▶ _Extracted entries_
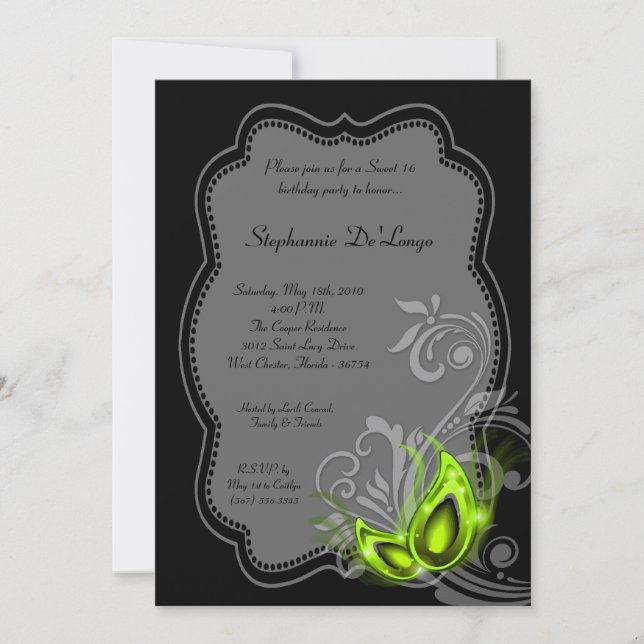 5x7 Lime Masquerade Sweet 16 Birthday Invitation (Front)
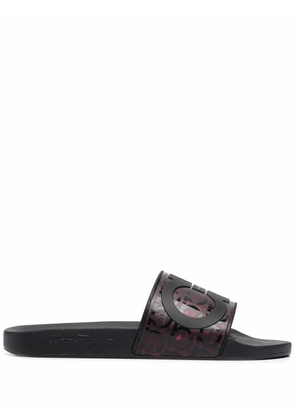 Ferragamo Groove logo-embossed sliders - Black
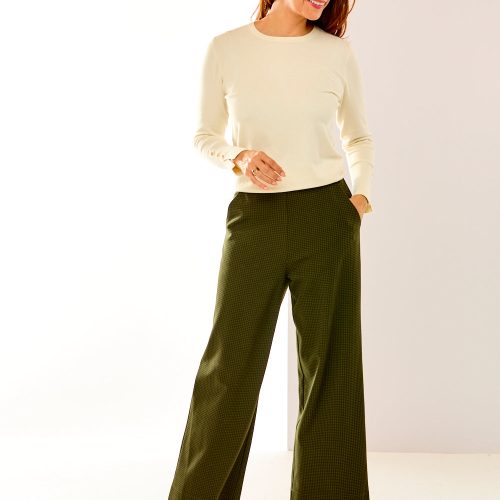 Sarasota Pant in Olive Plaid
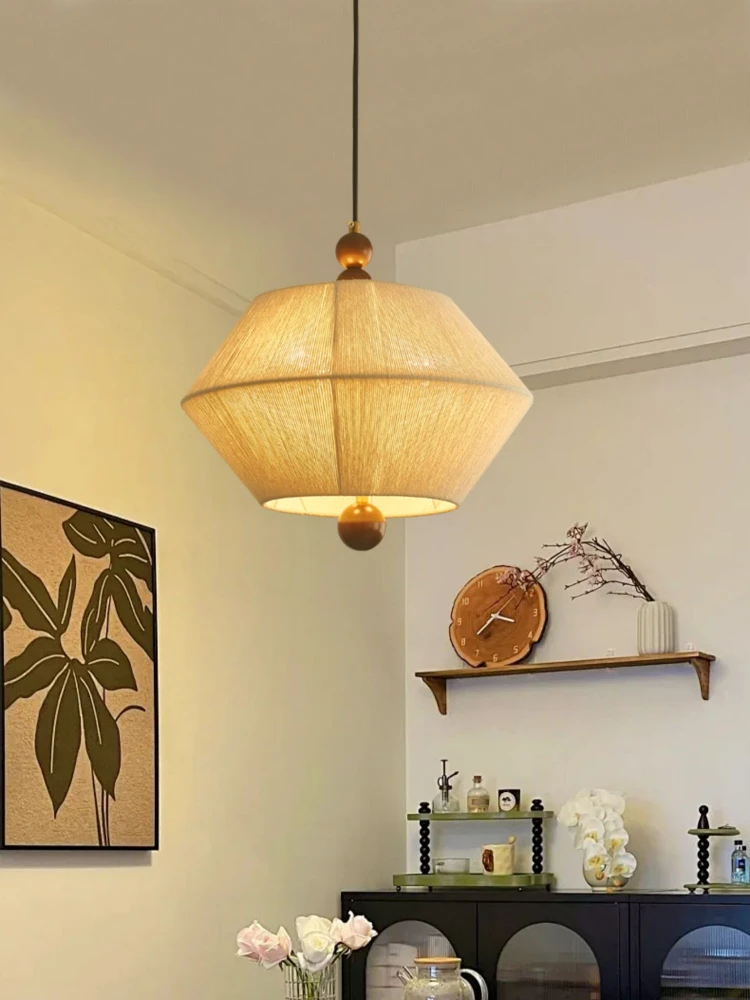 

Japanese Woven Fabric Bedroom Room Chandelier Living Room Vintage Solid Wood Dining Illuminated Decorative Lighting Fixtures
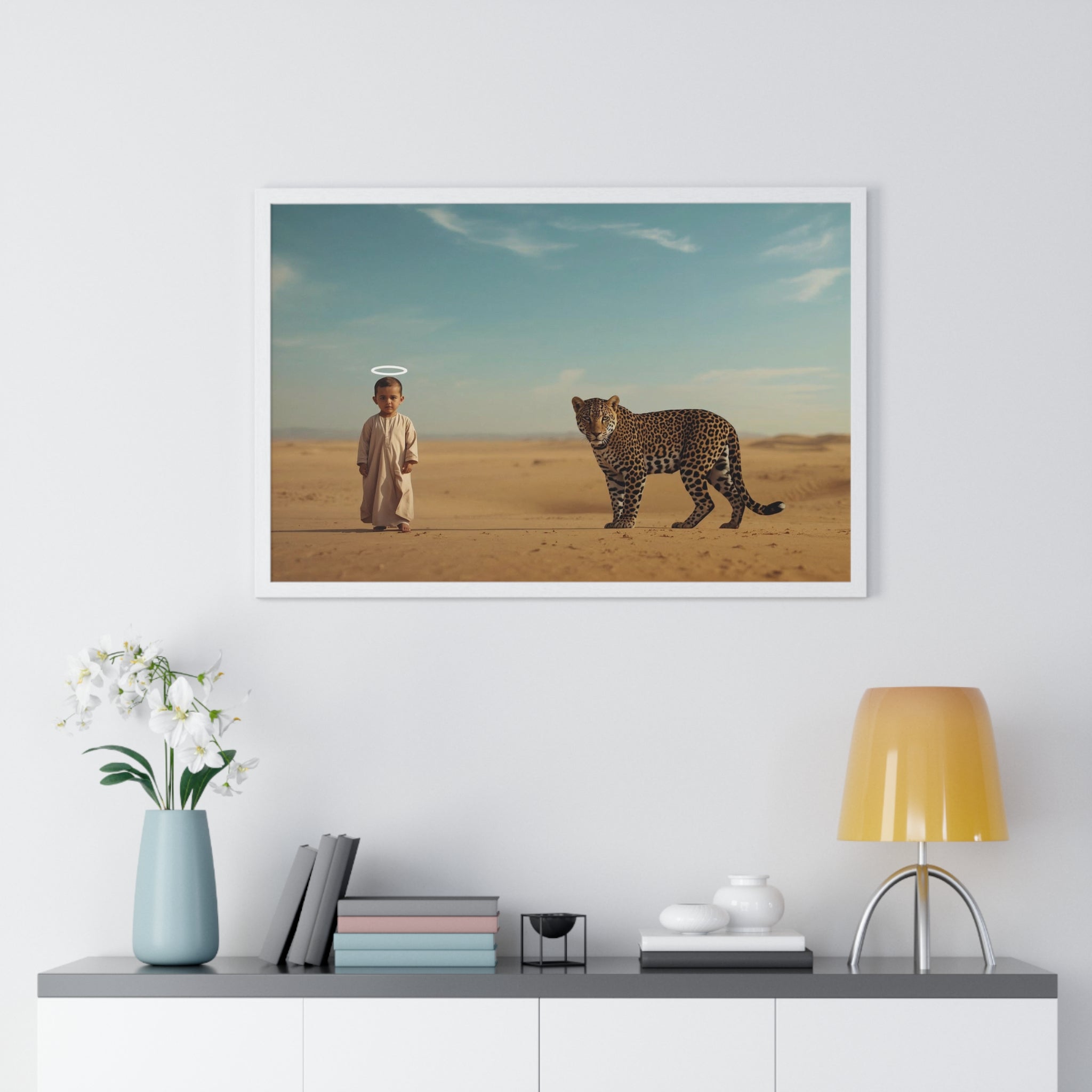 Desert Guardian Framed Poster — Child with Leopard Wall Art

▶ _Task prompt_
Begin at the line containing "Sarasota Pant in Olive Plaid" and restate exactly every line through the end of the material, skipping the pictures.

▶ _Solution to the problem_
 Sarasota Pant in Olive Plaid

Japanese Woven Fabric Bedroom Room Chandelier Living Room Vintage Solid Wood Dining Illuminated Decorative Lighting Fixtures
 Desert Guardian Framed Poster — Child with Leopard Wall Art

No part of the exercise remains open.